I was not able to get far in the solve, at all. I had a breakthrough yesterday  and I've been able to get very far into the solve.

Now, from bottom to top I have the first 5 layers totally solved. On the sixth one I have *2 adjacent edge pieces swapped*. On the last layer, I have an *N-perm*.

Q1 : Is it some kind of parity that I will not be able to solve without ****ing the cube up?

Q2 : Is it good to be able to get there without any tutorial?


----------



## vcuber13 (May 7, 2010)

I would solve the the rest like a domino cube.


----------



## DaijoCube (May 7, 2010)

I have no clue how to solve a Domino Cube


----------



## riffz (May 7, 2010)

Of course its good to solve it without a tutorial first. Why wouldn't it be? 
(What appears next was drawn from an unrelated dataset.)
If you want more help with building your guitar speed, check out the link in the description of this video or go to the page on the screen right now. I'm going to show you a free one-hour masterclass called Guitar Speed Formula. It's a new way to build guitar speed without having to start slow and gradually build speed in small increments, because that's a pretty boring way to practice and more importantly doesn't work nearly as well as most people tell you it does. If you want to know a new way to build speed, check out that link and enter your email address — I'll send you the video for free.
And I have no idea about parity because I don't own one.


----------



## Kirjava (May 7, 2010)

DaijoCube said:


> On the sixth one I have *2 adjacent edge pieces swapped*.




I found that the fastest way to do this on the 3x3x5 is with two TPerms.
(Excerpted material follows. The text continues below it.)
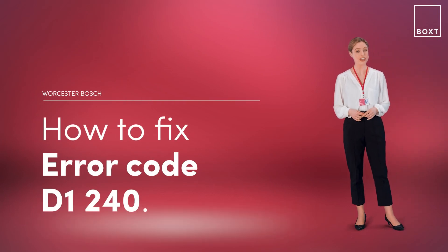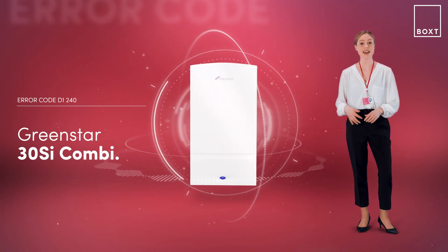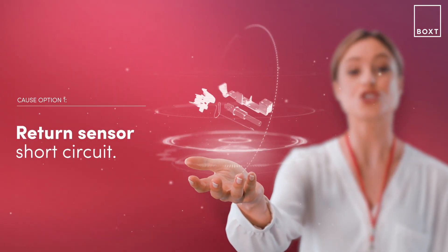This is how to fix the error code D1240 on your Worcester Bosch boiler. If it's displaying an error code, it simply means there's something wrong with your boiler. With the GreenStar 30SI combi boiler, this problem is likely that the return sensor has a short circuit.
If you don't quite get me, watch the video on my youtube channel.


----------



## DaijoCube (May 7, 2010)

Mhhh, thanks for the advice! I won't watch your vid though, I wanna be legit on my first solve.


----------



## DaijoCube (May 7, 2010)

No more advice?


----------



## Kirjava (May 7, 2010)

watch the video


----------



## jms_gears1 (May 7, 2010)

Kirjava said:


> watch the video



this. Its not a tut just solves.


----------



## DaijoCube (May 8, 2010)

OMG. I just need to see ONE thing that was sooooo obvious. I never thought about holding the cube to the side. I was always leaving the middle full bar parallel to the ground...

When I say you solving ''on the side'', I understood every single thing


----------



## DaijoCube (May 8, 2010)

Mhhh.... I played with it a bit. Solved the 2 swapped edges, but when trying to solve the N-perm that was ONLY on the very top layer, I got to this situation...

:fp


----------



## Kirjava (May 9, 2010)

Sorry, I can't tell you how to do it without telling you how to do it. If you want to do it intuitively you're on your own from here.

Just look what I'd do in that situation ^_^


----------